Problem
This task calls for the lines below starting at the one containing "SPYSHOTS: Lamborghini Aventador" and ending at the one containing "James I as a boy, (1907). Artist: Unknown", repeated exactly with both ends kept and pictures left out.

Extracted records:
********************

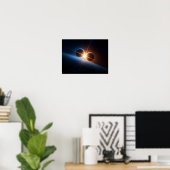 Poster Collision de planètes interstellaires et lumière c (Bureau à domicile)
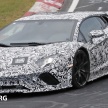 SPYSHOTS: Lamborghini Aventador facelift spotted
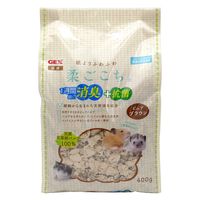 ハーモニー 小動物用 ハムスター 柔ごこち。ピュアブラウン 国産 400g 1袋 ジェックス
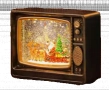 Коледен ретро телевизор - декорация, снимка 4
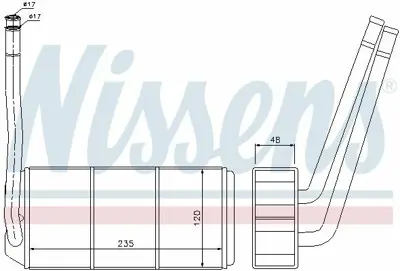 NISSENS 73001 Kalorıfer Radyatoru Land Rover Freelander I (Ln) 1,8ı 2,0td 2,0td4 2,5ı V6  M-A JEF500010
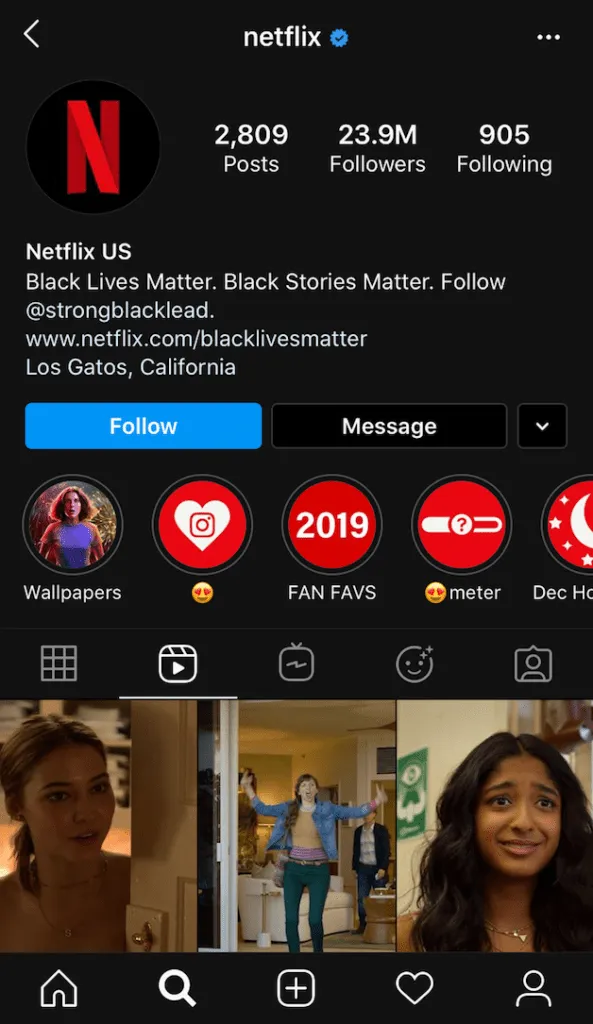 Netflix Us Instagram Profile 593x1024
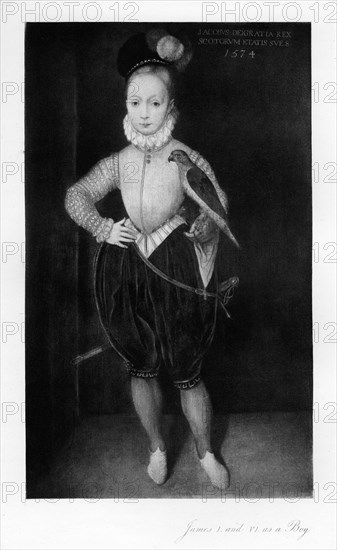 James I as a boy, (1907). Artist: Unknown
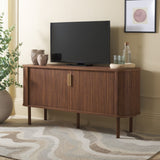 Safavieh Tealla 2 Tambour Door Sideboard/Media Stand Walnut / Gold MED9636A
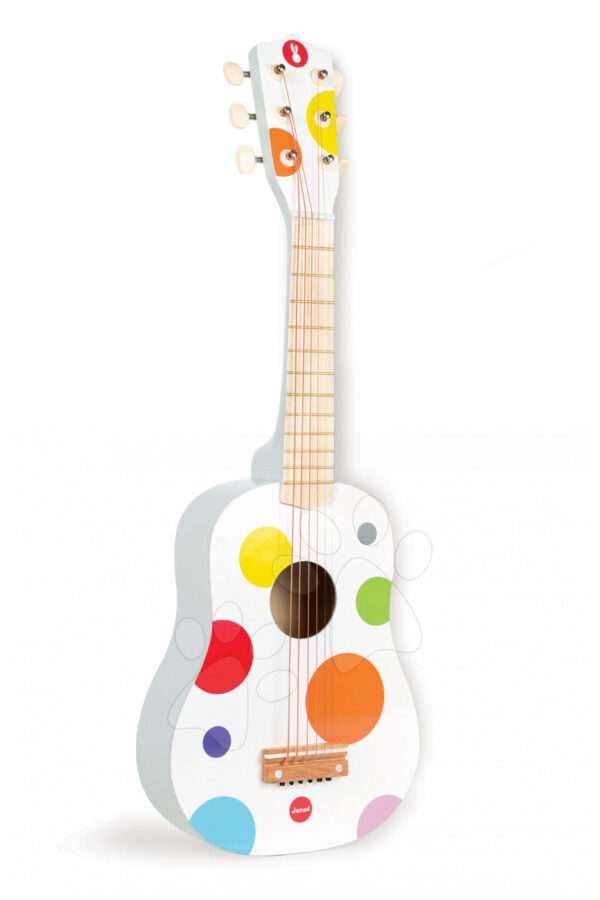 Janod dřevěná kytara Confetti Guitar 07598 tečkovaná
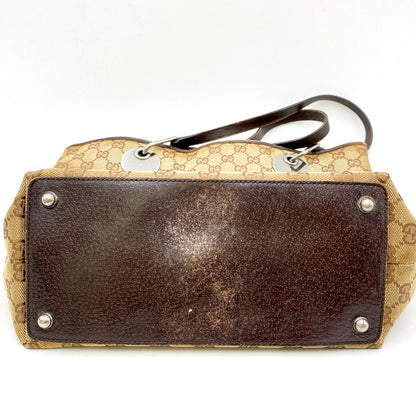 【現状渡し品】【レディース】 GUCCI グッチ 120836 GGキャンバス トートバッグ 鞄 カバン 180-250512-ma-16-izu カラー：茶系 万代Net店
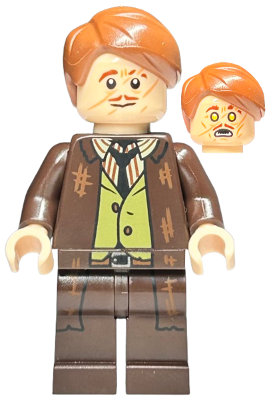 Professor Remus Lupin - Dark Brown Jacket, Olive Green Vest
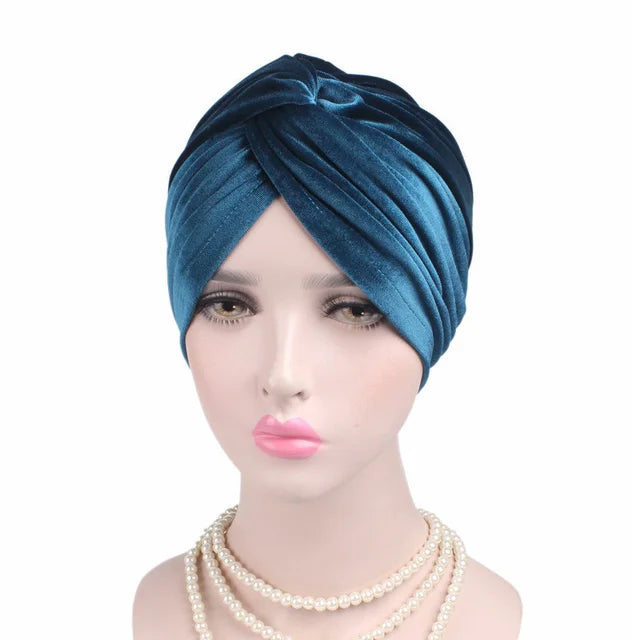 Velvet Turban Headband for Instant Elegant Coverage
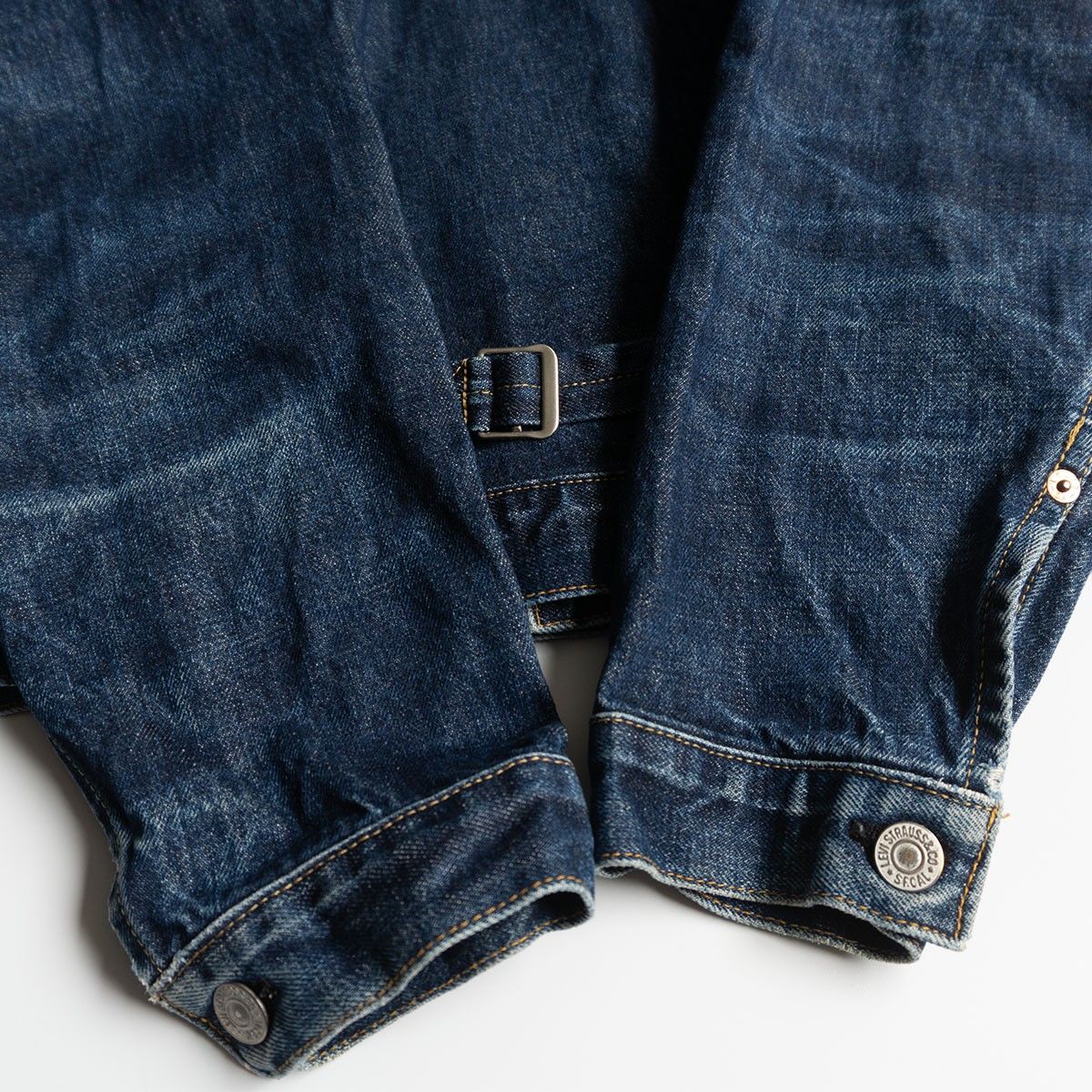 Levi's 506XX BIG E 90s米国製555デニムジャケット 40 Levi's リーバイス 50s VINTAGE 506XX 1st 53MODEL BIG E 片面
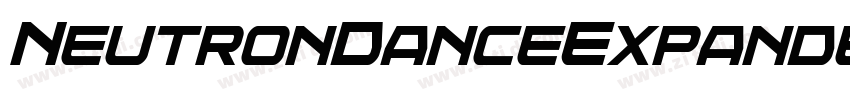 NeutronDanceExpanded字体转换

********************

Output of the task
 SPYSHOTS: Lamborghini Aventador facelift spotted
 ハーモニー 小動物用 ハムスター 柔ごこち。ピュアブラウン 国産 400g 1袋 ジェックス
 Коледен ретро телевизор - декорация, снимка 4
 NISSENS 73001 Kalorıfer Radyatoru Land Rover Freelander I (Ln) 1,8ı 2,0td 2,0td4 2,5ı V6  M-A JEF500010
 Netflix Us Instagram Profile 593x1024
 James I as a boy, (1907). Artist: Unknown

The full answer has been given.